Whether to buy a house or deposit it in the bank needs to be decided according to your actual situation.

Whether to buy a house or deposit it in the bank is a very difficult problem. On the one hand, the real estate market has always been regarded as a relatively stable investment channel and can obtain higher returns; On the other hand, the deposit interest rate is relatively low, and inflation will also affect the actual purchasing power of deposits. Wang Jianlin once said: investment should be done according to one's ability, and decisions should be made according to one's actual situation.
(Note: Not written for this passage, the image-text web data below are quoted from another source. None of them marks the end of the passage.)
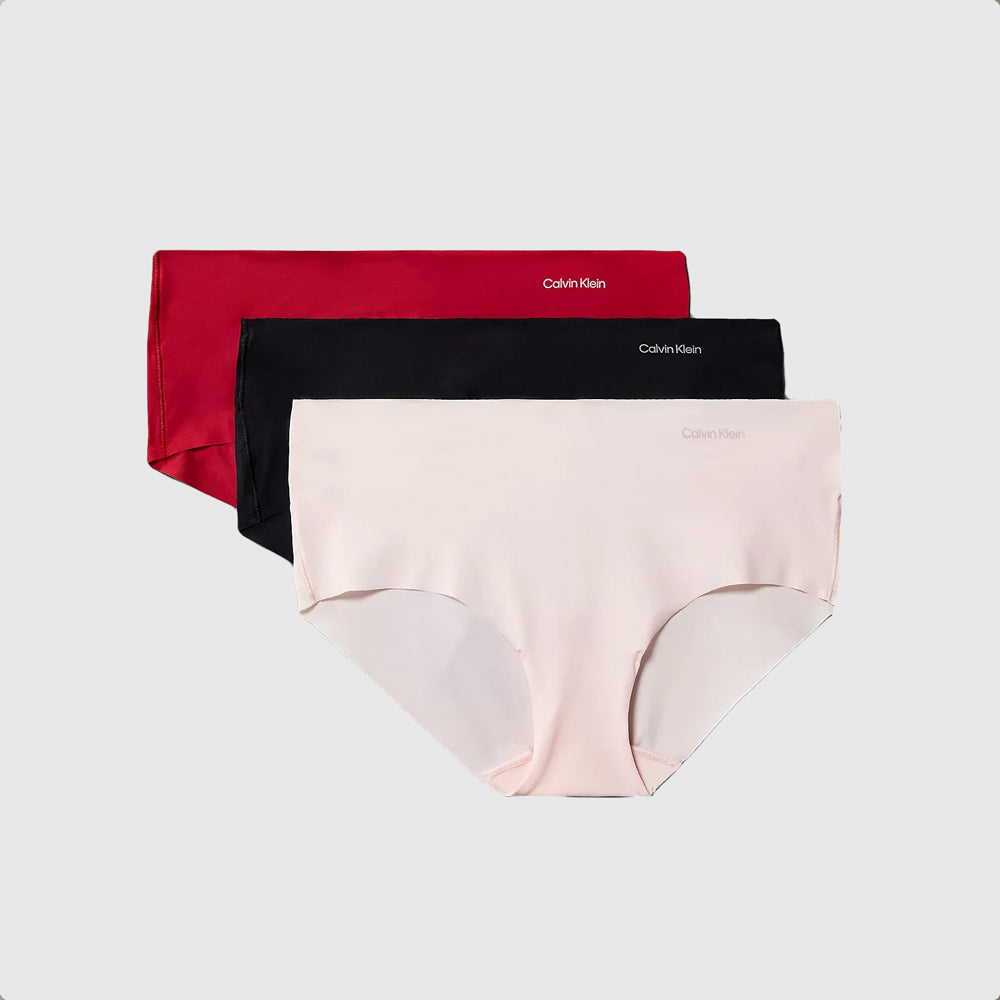 Calvin Klein 3 Pack Hipster - Red Multi |ThirdBaseUrban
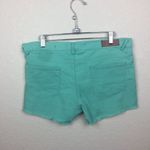 VIOGOLD Teal Cutoff Jean Shorts Size 30 Green Photo 2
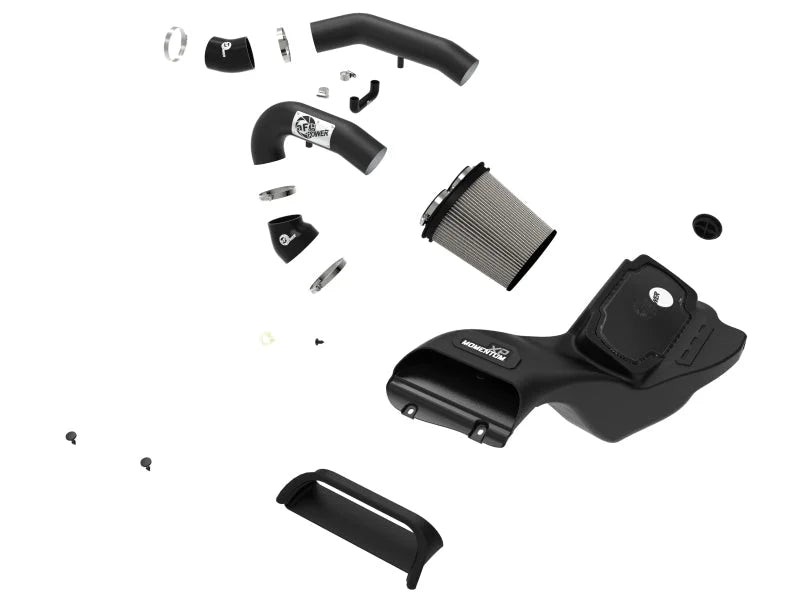 aFe 21-22 Ford F-150 Raptor V6-3.5L(tt) Momentum XP Cold Air Intake System Blk w/ Pro Dry S Filter - Additional View 10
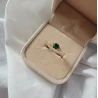 Gold Ring Zirconie Nur ein Smaragd | ergold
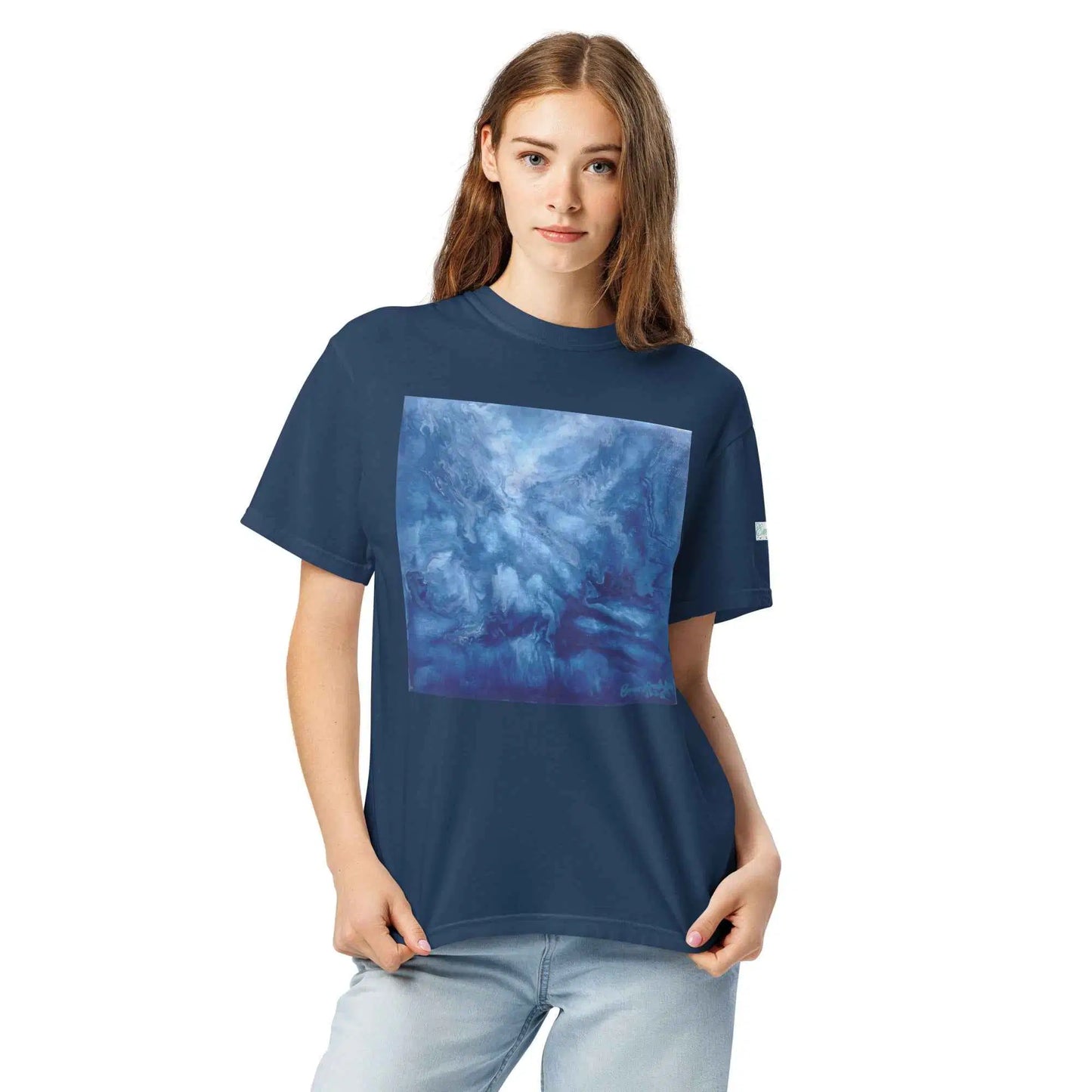 Unisex T-Shirt - Thunder - Dramatic Blue Storm Cloud Art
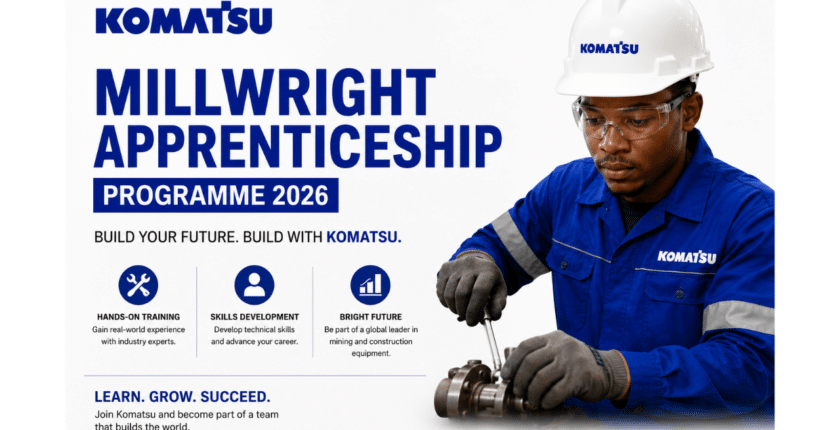 Komatsu Millwright Apprenticeship Programme 2026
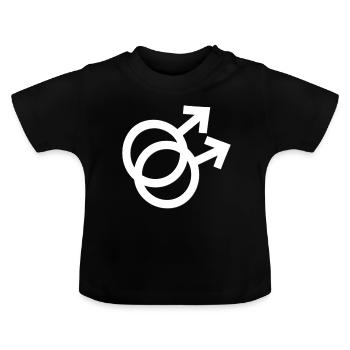 Gay Pride - T-shirt bio col rond Bébé - noir - Devant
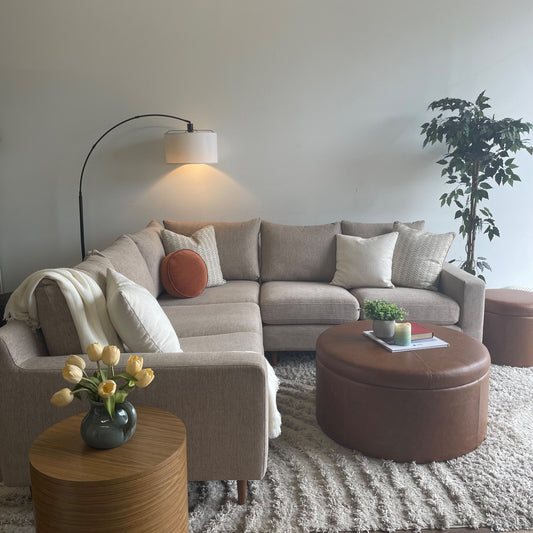 Interior Define Sloan Corner Sectional in beige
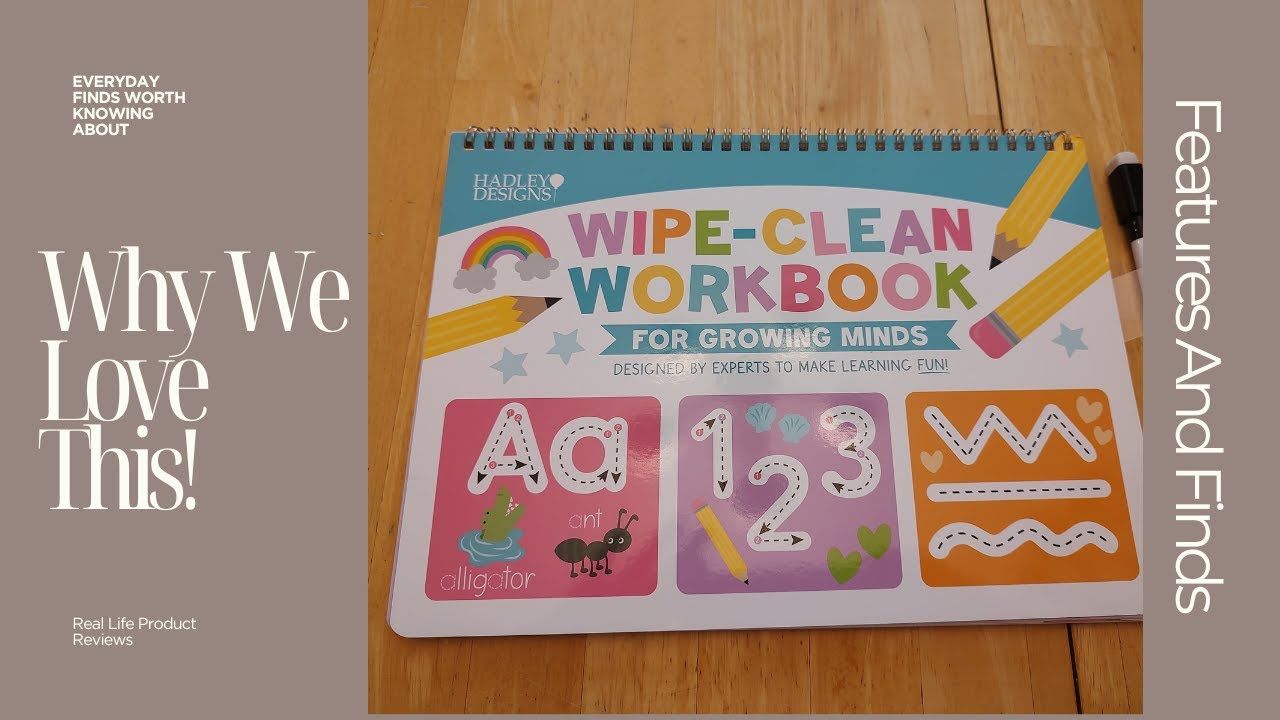 Why We Love This ABC And Numbers Workbook For Our Kids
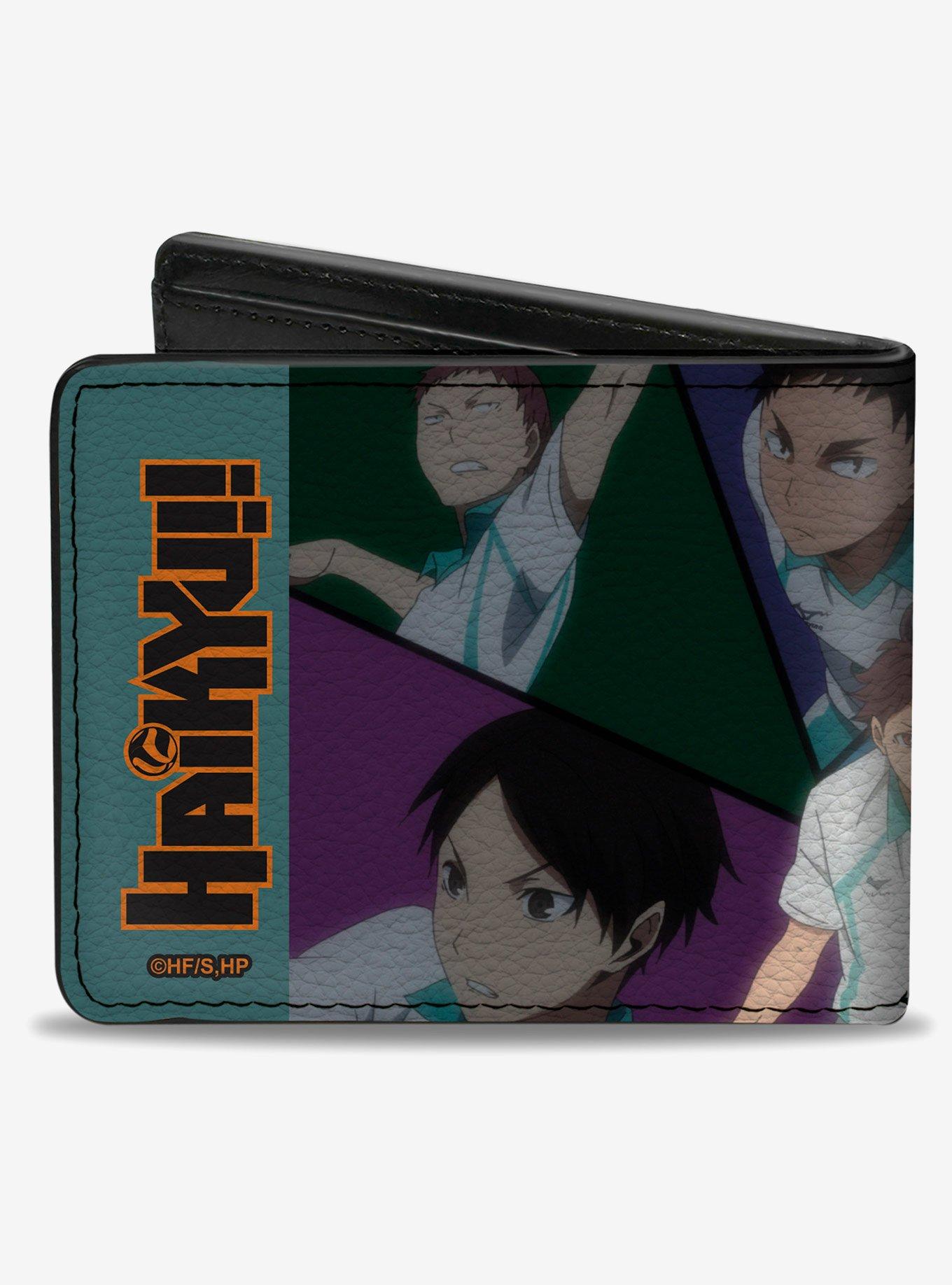 Haikyu!! Aoba Johsai High Control the Court Action Poses Bifold Wallet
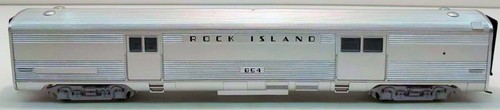ATHEARN 7920 HO ROCK ISLAND LINE AERODINÁMICO PLATEADO VAGÓN DE EQUIPAJE RI #854 | Zustand: New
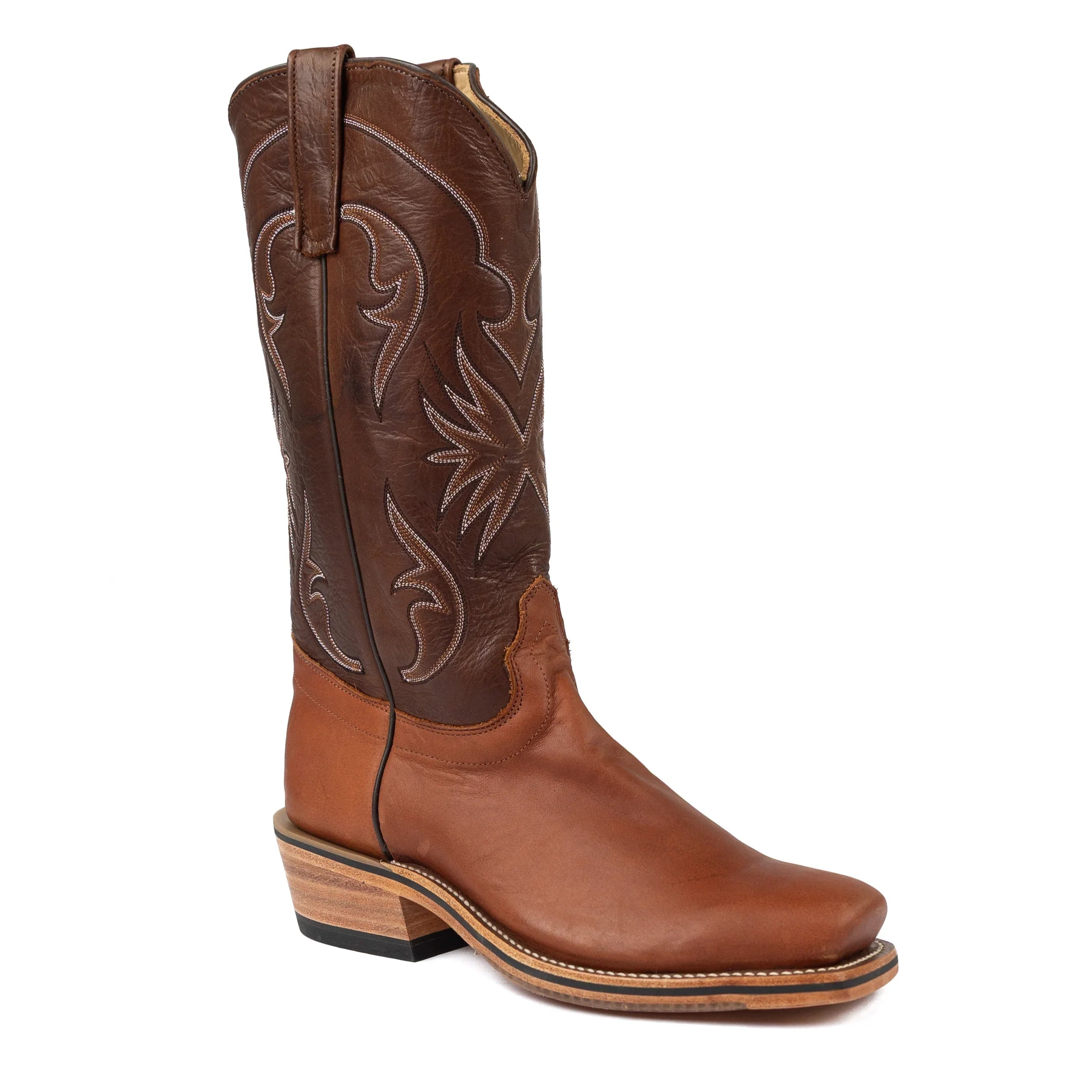 Olathe Chestnut Oiled Latigo Cutter Toe Boots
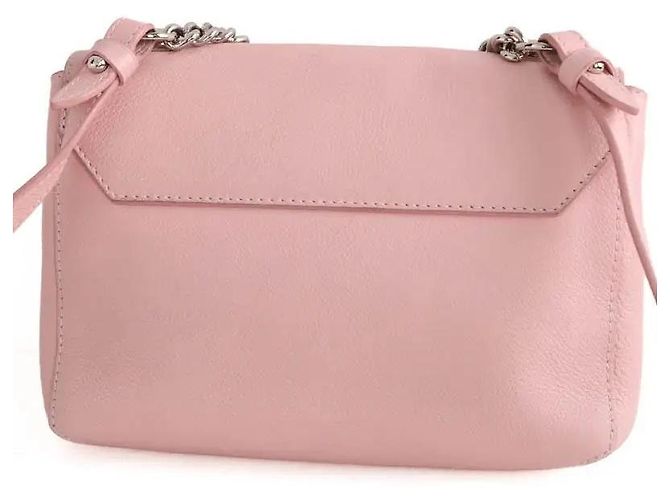 Borsa a tracolla Louis Vuitton in pelle rosa - vista 3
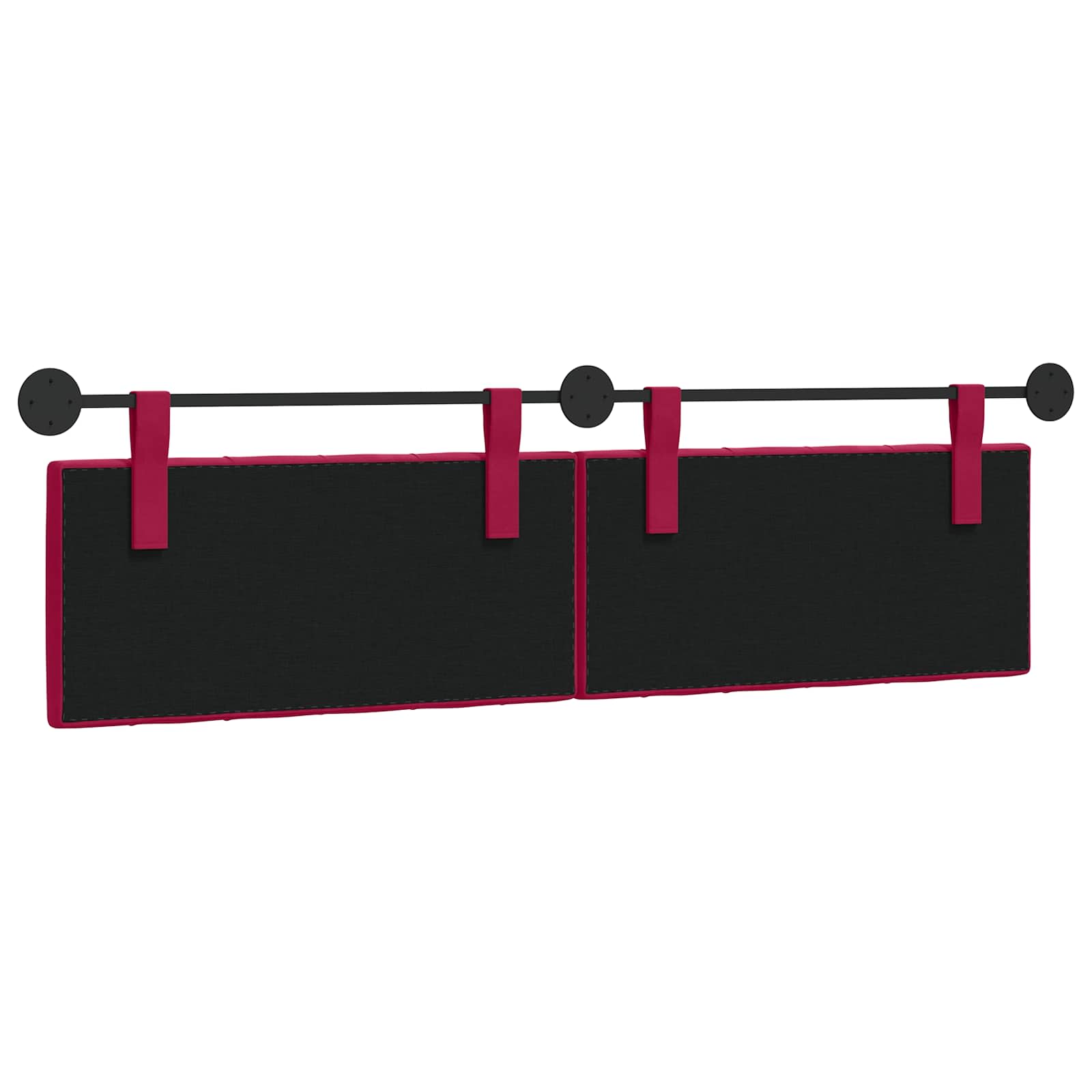 Hangend hoofdbord Wijnrood Fluweel is nu te koop bij PeponiXL, paradijselijk wonen!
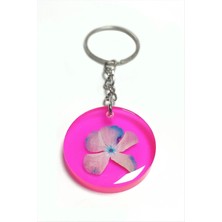 İsmiyle Al Kartopu Çiçeği Papatya Epoksi Anahtarlık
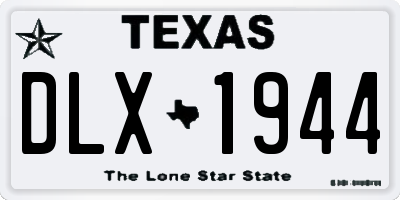 TX license plate DLX1944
If you have enough funds and a stable source of income, you can consider buying real estate at the right time as a long-term investment. However, it should be noted that there is a risk of cyclical fluctuations in the real estate market, so it is necessary to carefully choose lots and developers to avoid blindly following the trend or listening to rumors and causing losses.

If the funds are insufficient or the income is unstable, it is recommended to deposit the funds in the bank for savings or financial management. Although the interest rate is relatively low, it is still relatively safe compared with other investment channels. At the same time, we should also pay attention to risk control and choose reputable banks and wealth management products.

Common financial management methods and their introduction;

1. deposit: deposit funds in the bank to earn a certain interest income. The risk of deposit is low, but the yield is relatively low.

2. Bonds: purchase bonds issued by the government or enterprises to obtain fixed interest income. Bond risk is low, but the yield is relatively low.

3. Stocks: Buy stocks of listed companies and get dividends and capital gains. Stocks are risky, but the rate of return is relatively high.

4. Funds: purchase fund shares, and professional fund managers manage the portfolio to obtain capital gains and dividends. The risks and benefits of funds vary according to the types of funds.

5.P2P online lending: Borrowing or lending funds from other investors through the online platform to obtain certain interest income. P2P online lending is risky, so we need to pay attention to the platform's credit and risk control capabilities.

6. Insurance: purchase insurance products to obtain protection and investment income. The risk of insurance is low, but the return on investment is relatively low.